Benji is the new Sun Kil Moon album. It’s also the best thing Kozelek has done. And that’s saying a lot given a recent return to great form with The Album Leaf and so many strong efforts as Sun Kil Moon, as/with Red House Painters and solo.
As good as a lot of the Sun Kil material has been I just reached my limit with Kozelek’s voice – and voicings. That palette, the 12-string, the downbeat, the grey hue, shadowy, morose – but Benji is something else. Not only a return to form, not only the best thing he’s released it’s something that actually threatens music to up its game. For this isn’t just an album, it’s a memoir-in-song, it’s a set of memoir moments in fact, it’s so many story-songs piled atop one another that it’s perfectly reasonable to be overwhelmed, to feel daunted by this level of introspection, the way he ignores almost everything about (standard) song-structure and delivers punishing quasi-raps and revealing prose poems about loving his father, hanging out with his mate Ben from The Postal Service and death. So much fucking death.
There’s Truck Driver about the uncle who is mentioned in Carissa, there’s a prayer for Newtown, mention of the Batman killer, Tony Soprano and of the death of serial killer Richard Ramirez, there’s the death too of his adolescence, beautifully realised across the 10-minute confessional, I Watched The Film The Song Remains The Same, where a dissection of what made Led Zeppelin great brings out the first time Kozelek was in a fight. You feel the shame he still feels, you feel the pain he conjures, his heart is close to bursting with grief as the album’s death toll climbs, as he collects victims to cling to, to wring grief from, to pass on whatever hugs he can.
There are moments where confession turns to cringe too (Dogs) as Kozelek is frank about awkward first sexual encounters, but when this album hits its emotional high points (Micheline, Song Remains, Truck Driver, Ramirez, Pray for Newtown, I Love My Dad, I Can’t Live Without My Mother’s Love and most of Ben’s My Friend) it’s not only exhilarating but deeply profound, a spiritual feeling exudes; it’s music only nominally.
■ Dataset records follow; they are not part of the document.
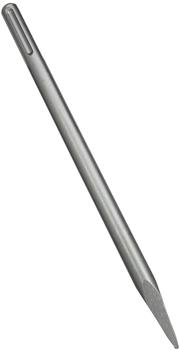 Silverline SDS-Max-Spitzmeißel 18 x 360 mm (427576)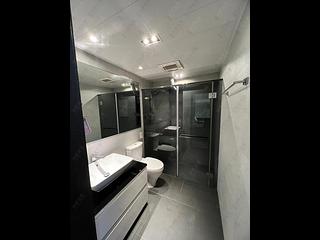 中半山 - 麗豪閣B座 19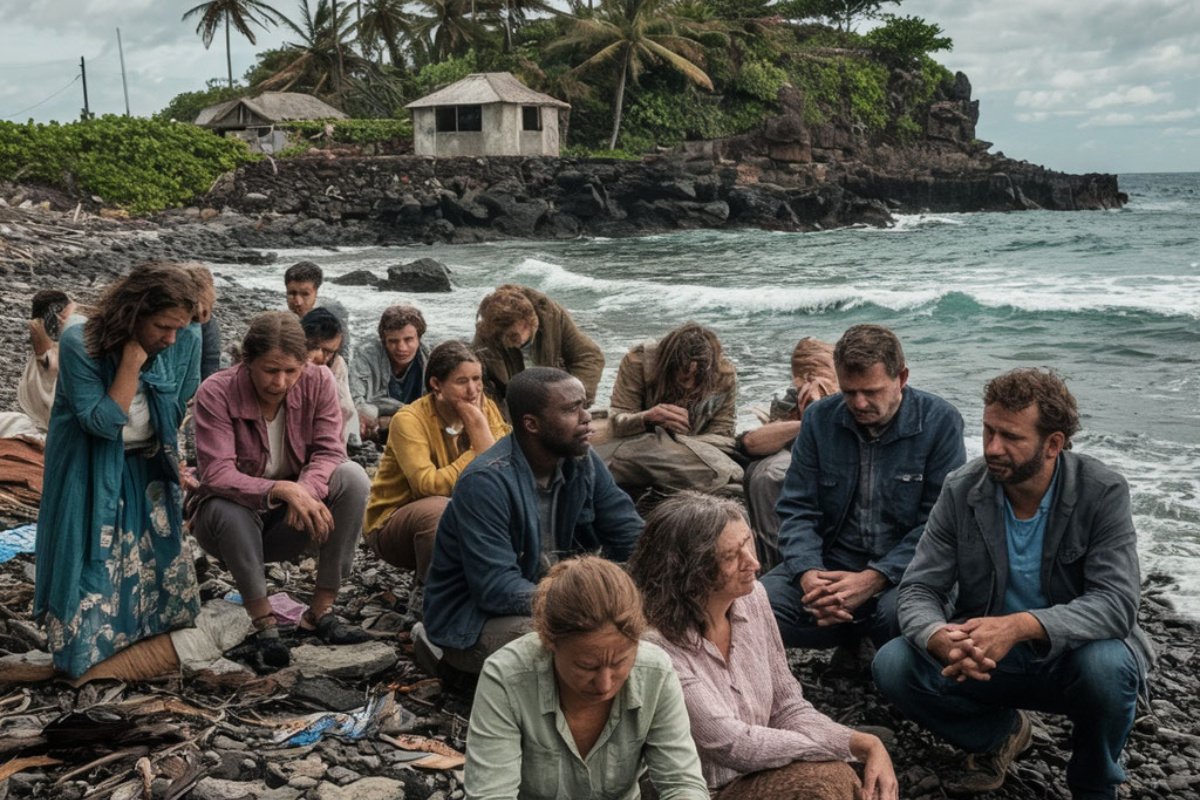    Фото: сгенерировано ИИ, источник: shedevrum.ai.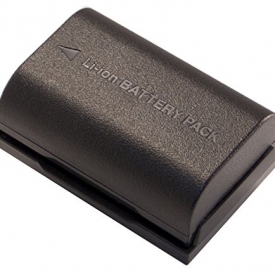STK LP-E6 Battery for Canon 5D Mark II III and IV, 70D, 5Ds, 6D, 5Ds, 80D, 7D, 60D, 5Ds R DSLR Cameras BG-E14, BG-E13, BG-E11, BG-E9, BG-E7, BG-E6 Grips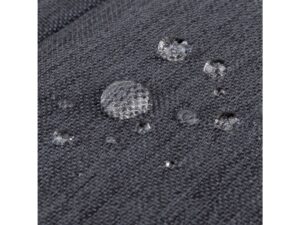 RESTO 5501 grey Изотермическая сумка для ланч боксов, 1.7 л, /12 — изображение 7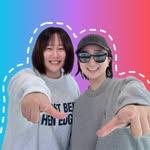 프로필
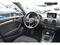 Audi A3 1.6 TDI WEBASTO*DPH*R 1.MAJ*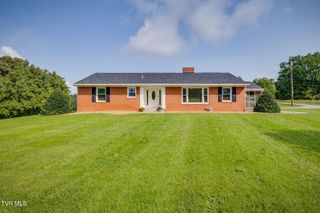 385 Sam Doak Street, Greeneville, TN 37745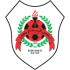赖扬U20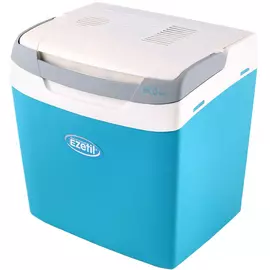 Автохолодильник Ezetil E 26 EEI Boost 10776895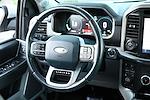 2022 Ford F-150 SuperCrew Cab 4x4 Pickup for sale #UC16917 - photo 16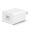 HyperGear - High Speed 12W USB Wall Charger for iPhones & Tablets - White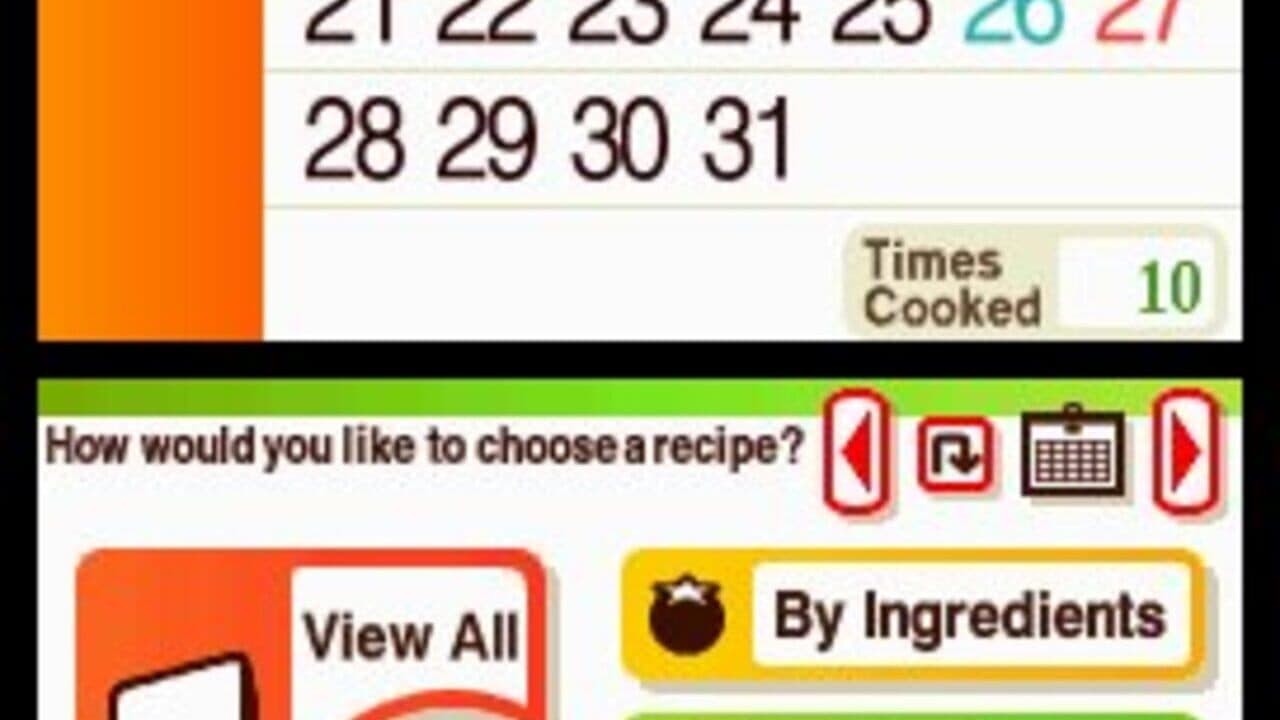 Personal Trainer: Cooking thumbnail 7
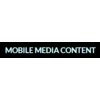 Mobile Media Content - 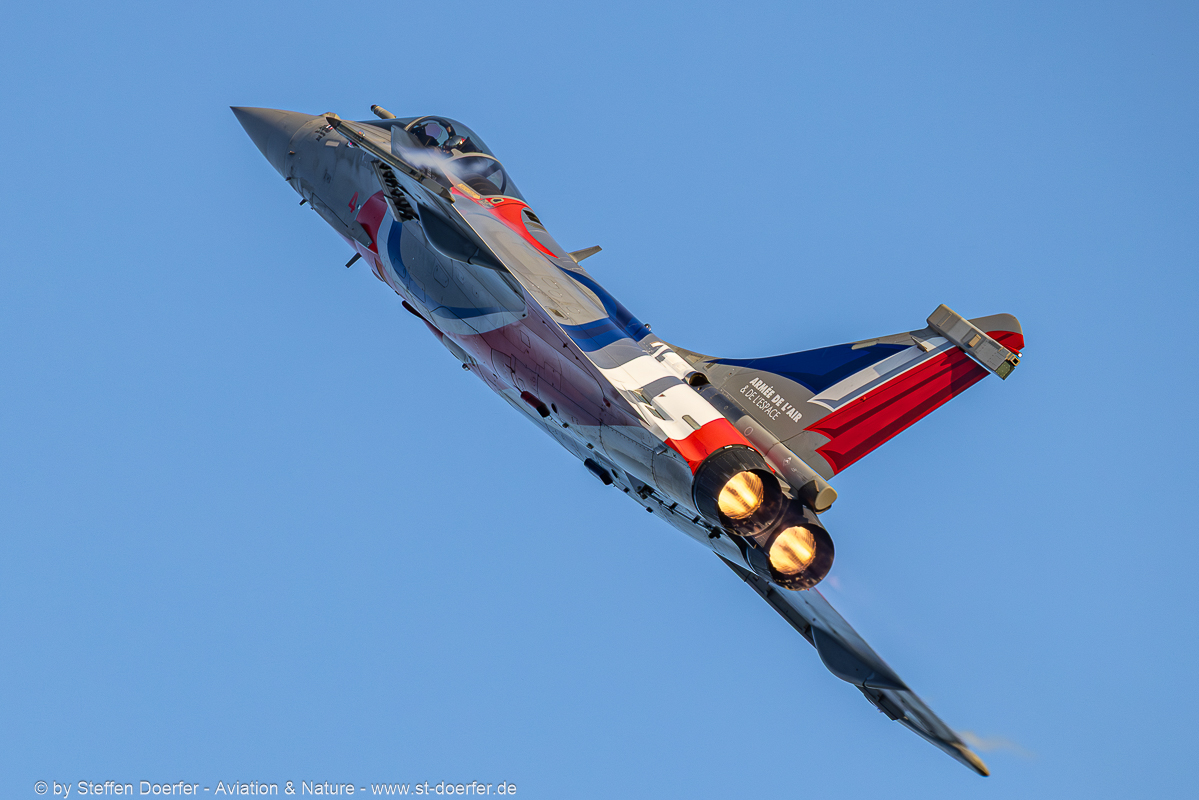 265CAA_6842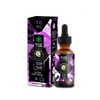 Huile CBD & CBG 30% ultra spectrum | PLANT OF LIFE
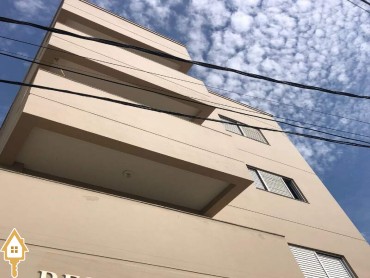 aluga-se-apartamento-santa-maria-uberaba-137980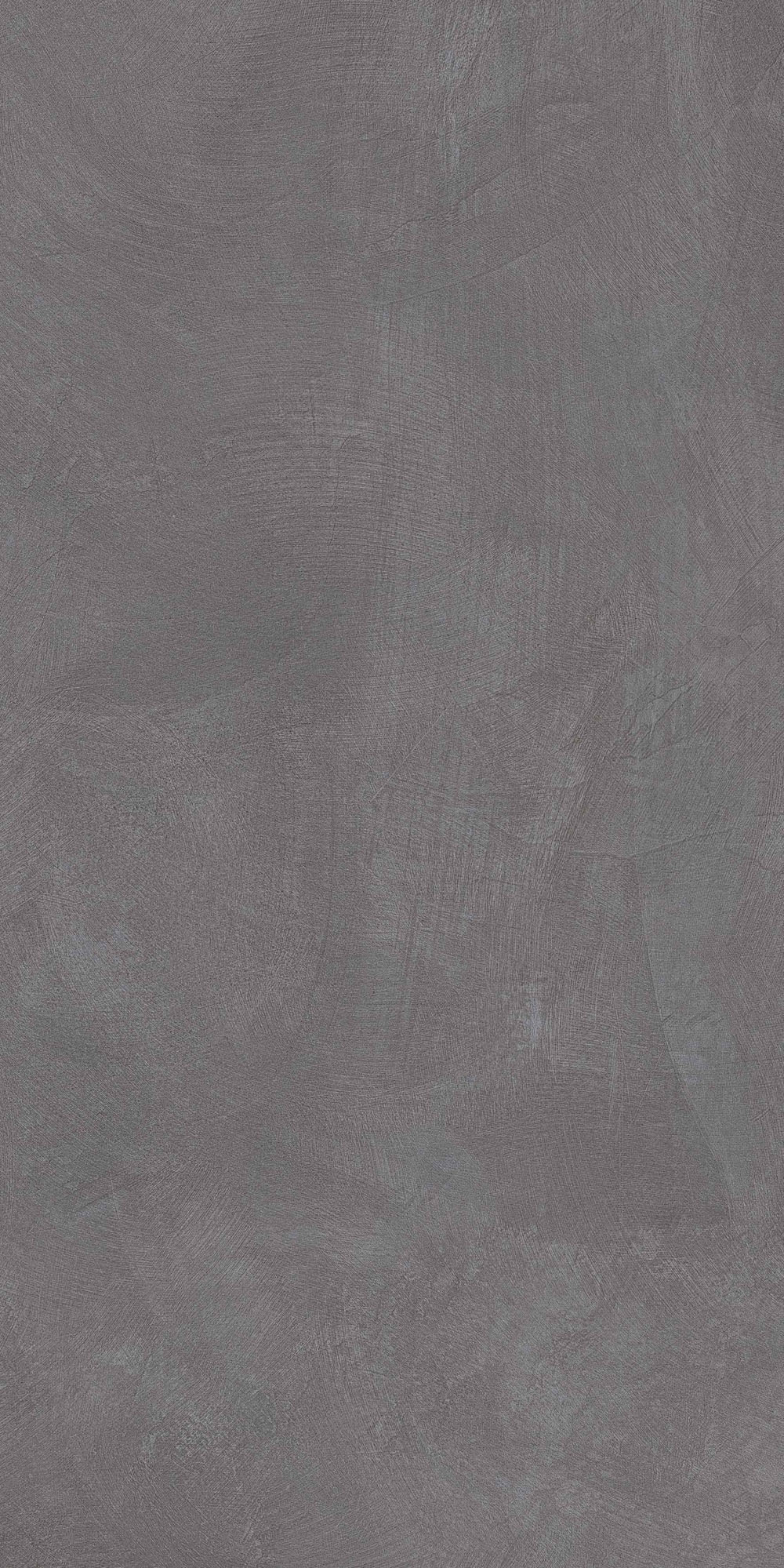 Керамогранит SR06 60x120х9 Непол.Рект. (Керамический гранит) #8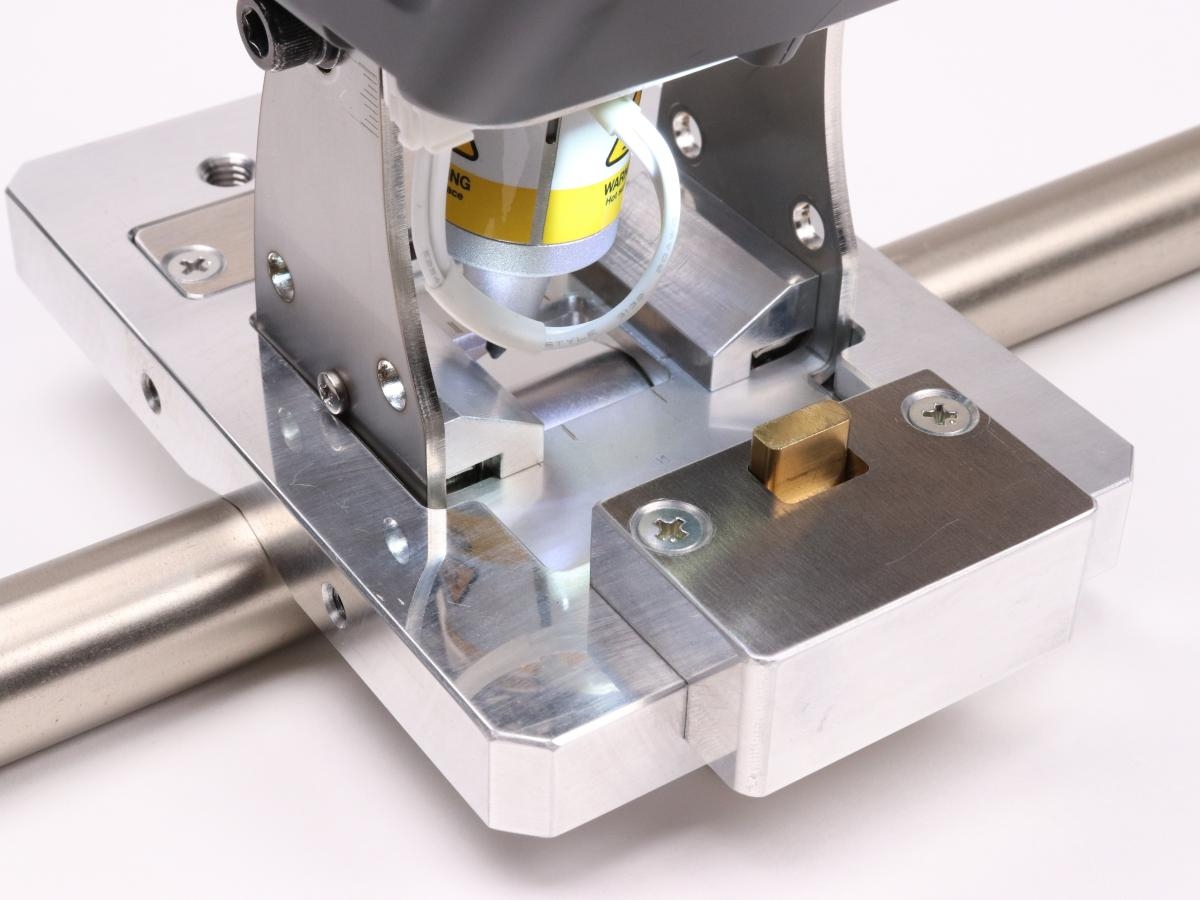 Patmark Mini S ile Mobil ve Dijital Markalama  Çözümlerinde Yeni Standart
Beyond that it seeks to clarify, to question, to ponder, it hopes to arrive at head held high moments, at redemption, it isn’t just a bunch of songs – it would be reasonable to see it as a life’s work. For it reflects so much of a life set to work, to working, to working things out.
And yet you get the feeling that whilst this will stand – it’ll be not only one of the great records, the greatest – deepest – most thrilling listening experiences this year and across other years – it is, for Mark Kozelek, just another bunch of songs. Just like there’ll be more to come. And soon. He might even beat this as his best album. It feels like the fire has been lit. Oh shit, I can’t really feel good about saying that here. But the roll has been started. This is something so much bigger and better than almost all of the shit you shovel into yourself and call music. It’s so good you’d have to expect crushing indifference from many. And you can certainly hope to imagine Kozelek getting ready to better it. And then to maybe even beat it again just after that. But surely he must know that this is just a little bit special. And that this album is getting and giving so many hugs.